Phytoplasmas are cell wall-less prokaryotes living as obligate parasites and pathogens of plants and insects, making them attractive subjects for studies to gain a greater understanding of transkingdom parasitism and pathogenicity. During a study of two phytoplasma genomes, we obtained evidence for previously unreported clustering of genes, pseudogenes, mobile genetic elements, intergenic repeat units, and repetitive extragenic palindromes that occur in multiple, homologous clusters in some phytoplasma genomes. The clusters represent previously unrecognized mosaics, possibly assembled through multiple events of targeted mobile element attack, duplication, recombination, and rearrangement. Multiple clusters could conceivably afford potential for genome reduction through homologous recombination. Differences in the sizes and multiplicity of such clusters possibly account for some of the previously reported but unexplained variations in genome size among closely related phytoplasma strains.

  • mollicutes
  • genome size
  • gene cluster
  • transposase
  • insertion sequence


Phytoplasmas comprise a group of cell wall-less bacteria that cause economically significant diseases of plants and cannot be isolated in culture (Lee & Davis, 1986; Lee et al., 2000). These obligately parasitic plant pathogens possess the smallest genomes known among nonsymbiotic bacteria (Marcone et al., 1999), having discarded biosynthetic pathways for nutrients supplied by their hosts (Davis et al., 2003; Oshima et al., 2004). Yet, genome sizes can vary considerably among closely related strains (Marcone et al., 1999), a finding that still lacks explanation. In plants, phytoplasmas are restricted to phloem tissue, largely inhabiting enucleate, living sieve cells, and they are transmitted from plant to plant by phloem-feeding insect vectors. These features make phytoplasmas attractive subjects for genomic studies to gain a greater understanding of transkingdom parasitism and pathogenicity.

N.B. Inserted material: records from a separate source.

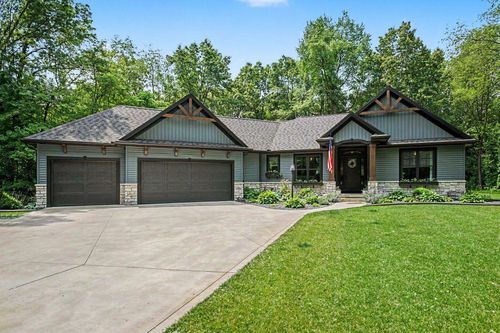 13912 Shavano Peak Dr, Middlebury, IN, 46540-9126 | Card Image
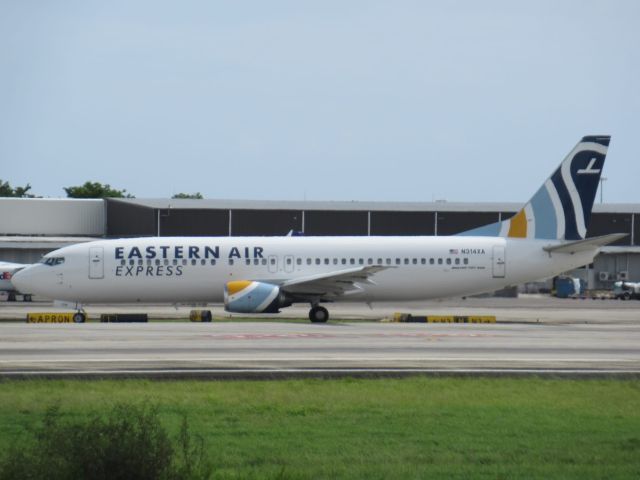 BOEING 737-400 (N314XA)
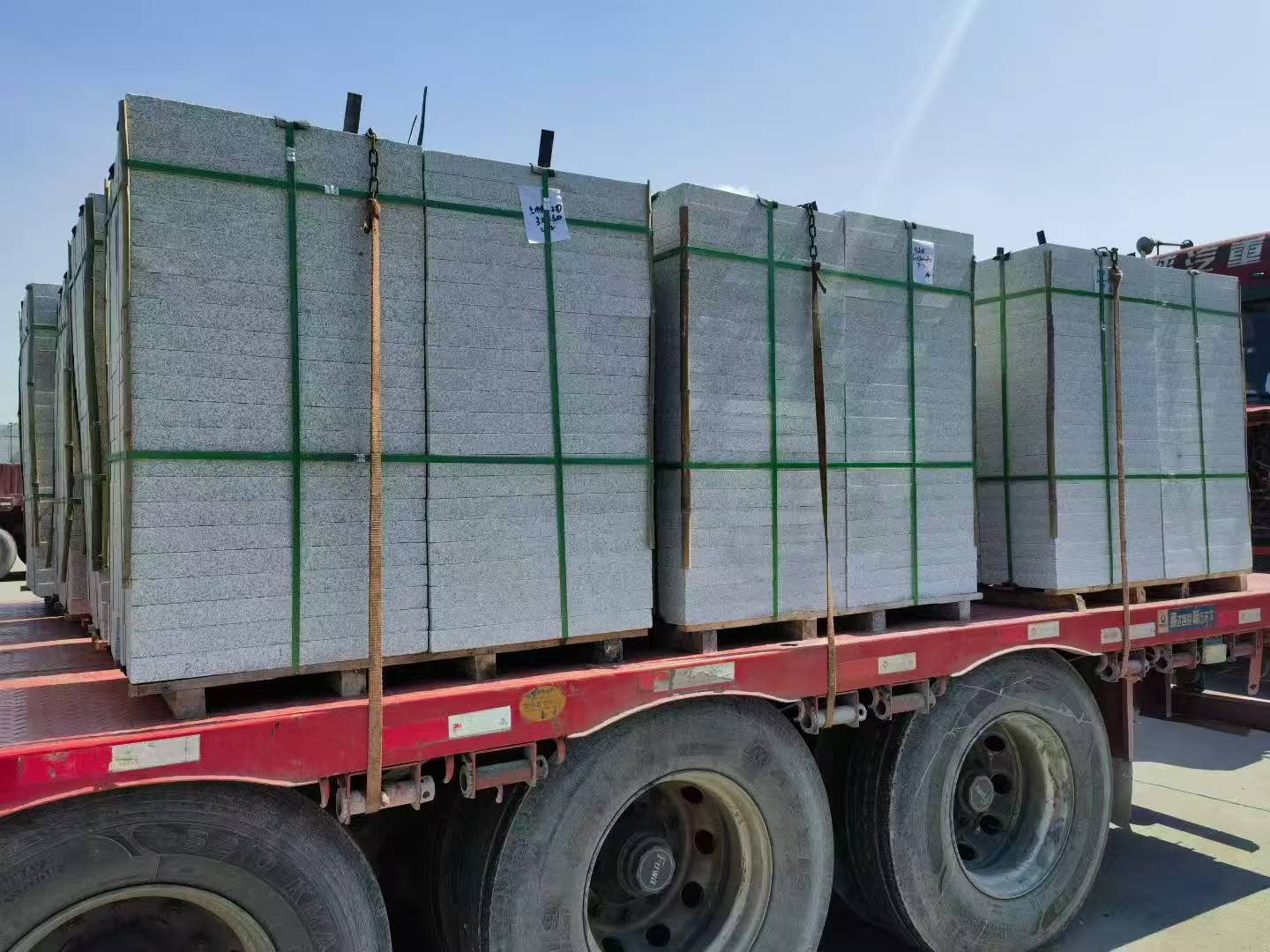 厦门芝麻白花岗岩出货日常地铺石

Phytoplasma genomics is still in the early stages of development. Although analysis of one complete phytoplasma genome sequence has been published (Oshima et al., 2004) and parts of other genome sequences have become available in the GenBank database or on the internet, various salient features of these genomes have gone unreported. The present study uncovered multiple clusters of functionally unrelated genes and pseudogenes. The tight linkage of the sequences in the clusters led us to hypothesize that the clusters represent a newly recognized phytoplasmal genomic mosaic that is present in multiple, but sequence-varied, copies in some phytoplasma genomes, and that they may account in part for variations in genome sizes among closely related strains. A brief synoptic report of the findings has been published in abstract form (Jomantiene & Davis, 2005).

Materials and methods

DNA cloning, sequencing, and hybridizations

Genomic DNA of clover phyllody (CPh) phytoplasma was extracted from phytoplasma-enriched preparations of sieve cells, cloned using the pBluescript SK(+) phagemid vector in Escherichia coli DH5α, sequenced by primer walking to achieve at least sixfold coverage per base position on both strands of the phytoplasma DNA, and the nucleotide sequence data were assembled as described previously (Davis et al., 2003). Southern blot analysis was performed as described previously (Davis et al., 2003). The membrane was probed with a digoxigenin-labeled DNA product from a PCR. Three primer pairs were used in separate PCRs in which the template was cloned genomic segment CPh66: fliAF1, 5′-TAA CCA TAA TTG ATG AGG -3′ and fliAR1, 5′-AAT TGA ACT TCA TTT ACC-3′, for the fliA gene probe [product size, 316 nucleotides (nt)]; phgF1, 5′-ATC AAA CTA TCA CAA CGT-3′ and phgR1, 5′-TGA GAA CAG TAG AGT TGA C-3′, for the phage-related protein gene probe (product size, 444 nt); and tmkF1, 5′-AAC TGT ATC AAG GTT TAG G-3′ and tmkR1, 5′-TGA TCG CCA TTT GAT AGT G-3′, for the tmk gene probe (product size, 530 nt).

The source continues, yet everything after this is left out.